= Société du Havre de Montréal =

Société du Havre de Montréal (SHM) was a publicly funded, non-profit business in Montreal, Quebec, Canada. It was created in 2002 to oversee the redevelopment of Montreal's harbourfront via the reconstruction of the Bonaventure Expressway. In January 2013, the city of Montreal announced that it would take over the SHM's responsibilities, and it was completed by the end of April.

==History==
The SHM was established in 2002 to design a plan for the redevelopment of Montreal's harbourfront. The organization initially received funding from the municipal, Quebec provincial, and Canadian federal governments. In 2007, it presented a final report entitled Vision 2025; the provincial and federal governments withdrew their funding shortly thereafter.

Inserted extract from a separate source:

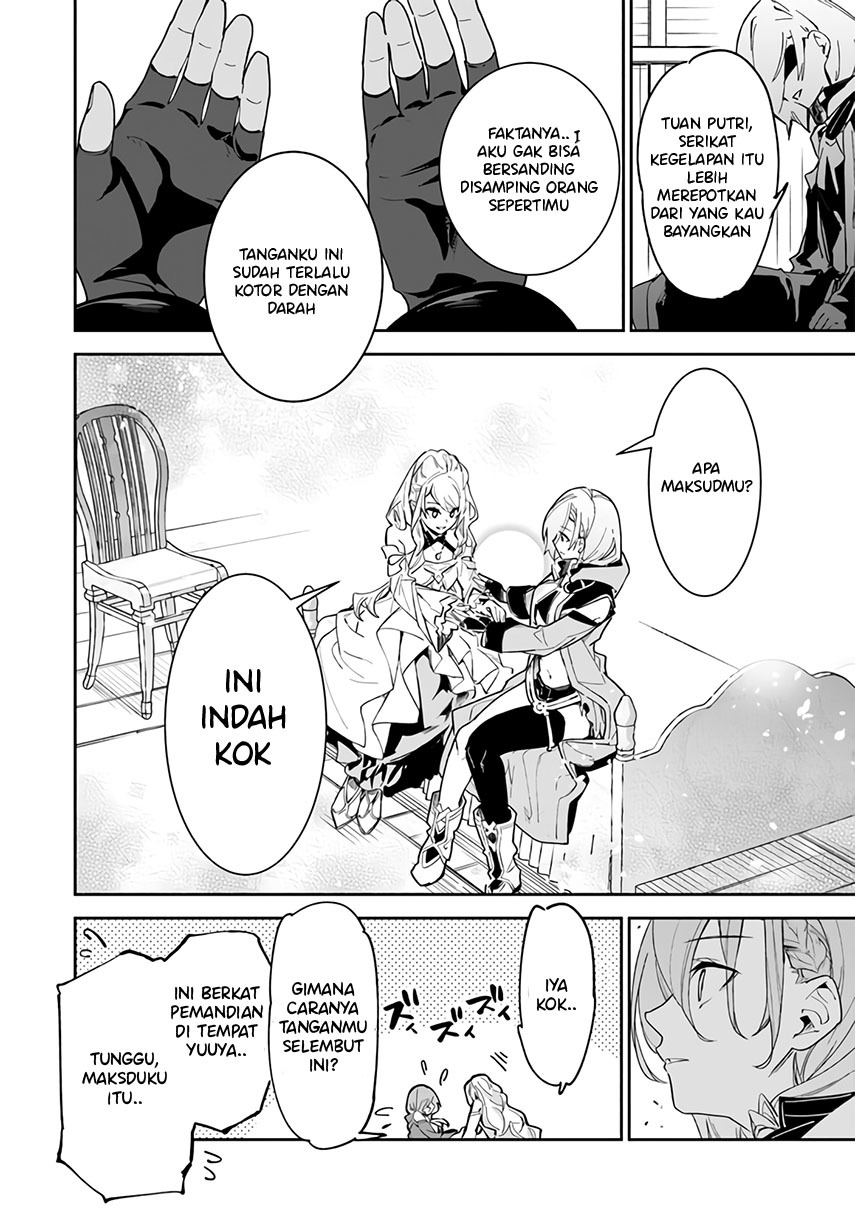 Chapter 23 - halaman 26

The SHM was criticized by opposition municipal parties, which accused it of financial mismanagement, unaccountability, and having a conflict-of-interest situation in its leadership. City councillor Véronique Fournier said in 2013, "We always believed the SHM was a recipe for disaster. Because it's a private corporation, it isn't bound to the same kind of access to information laws as the city. So while I'm not saying there was ever anything criminal happening at the SHM, the ingredients were definitely there." Montreal's auditor-general, Jacques Bergeron, indicated that it was almost impossible to ascertain the real costs of the SHM's studies and consultations in the absence of a reliable paper trail.

Montreal mayor Michael Applebaum announced on January 24, 2013 that the city of Montreal would take over responsibility for the Bonaventure Expressway from the SHM, citing the need for transparency. The SHM would then be dismantled by April 30.